Coal Tattoo

Natural gas vs. Coal: A new wrinkle

Well site during active drilling to the Marcelllus Shale formation in Upshur County, West Virginia, in 2008. Photo copyright West Virginia Surface Owners Rights Organization.

We’ve talked many times here on Coal Tattoo about the prospects for coal as it tries to compete with the rise of natural gas.  But a new report today from ProPublica’s Abrahm Lustgarten offers an interesting wrinkle:

Advocates for natural gas routinely assert that it produces 50 percent less greenhouse gases than coal and is a significant step toward a greener energy future. But those assumptions are based on emissions from the tailpipe or smokestack and don’t account for the methane and other pollution emitted when gas is extracted and piped to power plants and other customers.

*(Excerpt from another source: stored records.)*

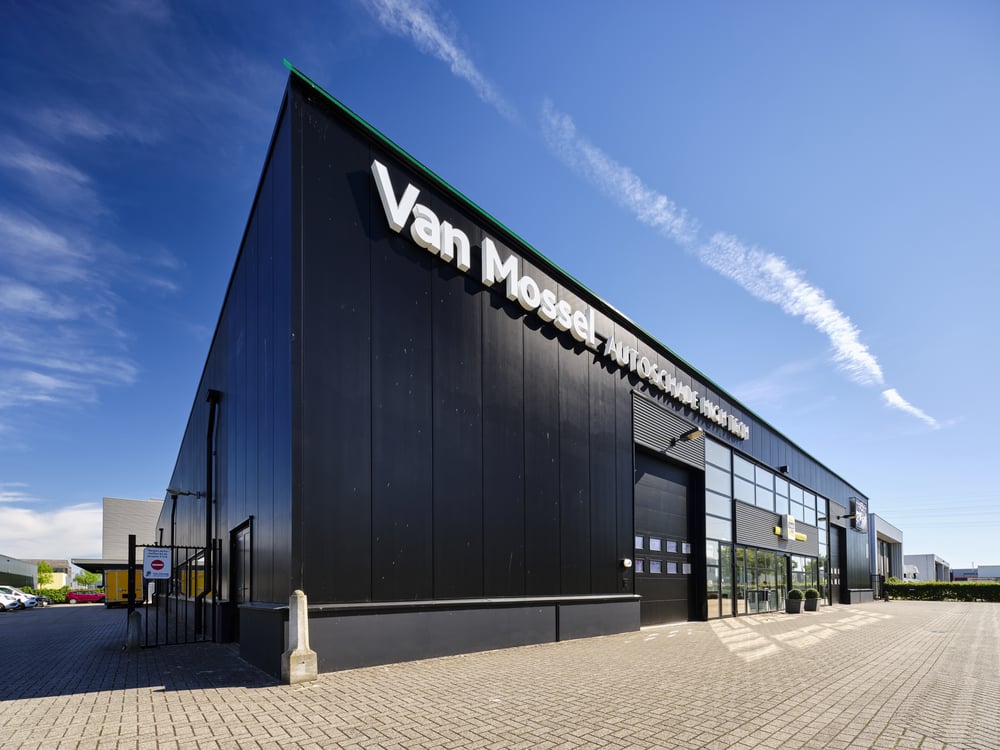 Van Mossel Autoschade High Tech Zwolle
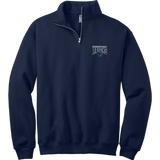 Kensington Valley Ravens NuBlend 1/4-Zip Cadet Collar Sweatshirt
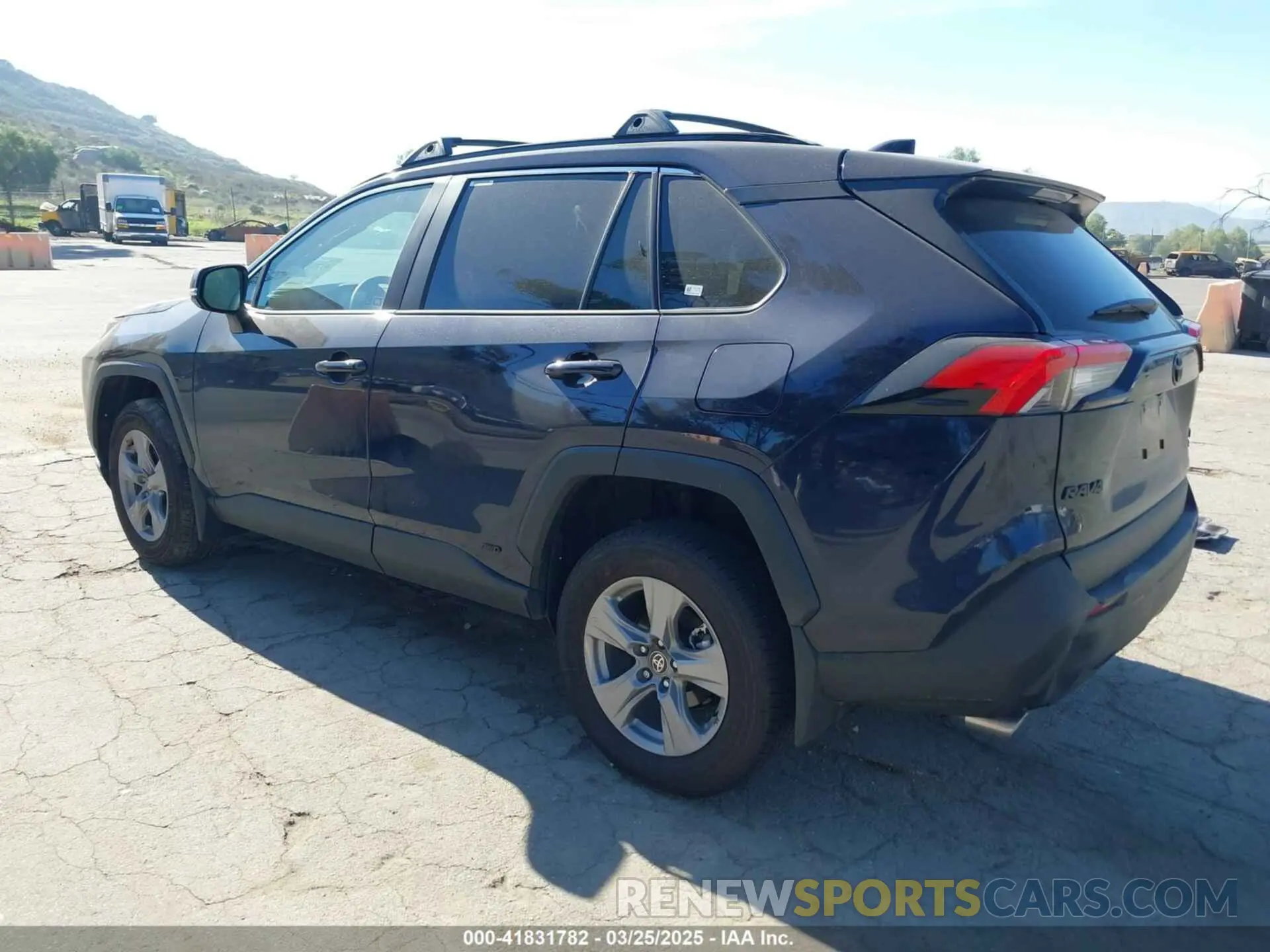 3 Photograph of a damaged car 4T3RWRFV2SU174874 TOYOTA RAV4 HYBRID 2025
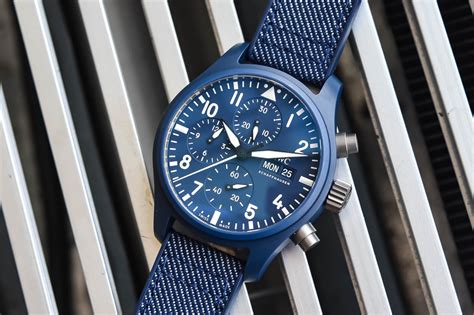 iwc pilot 41|pilots watch chronograph 41 top gun.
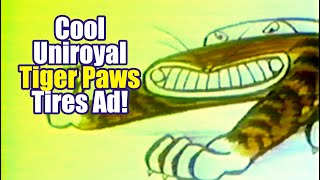 1960s Uniroyal Tiger Paws Tires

The EPA’s new analysis doubles its previous estimates for the amount of methane gas that leaks from loose pipe fittings and is vented from gas wells, drastically changing the picture of the nation’s emissions that the agency painted as recently as April. Calculations for some gas-field emissions jumped by several hundred percent. Methane levels from the hydraulic fracturing of shale gas were 9,000 times higher than previously reported.

When all these emissions are counted, gas may be as little as 25 percent cleaner than coal, or perhaps even less.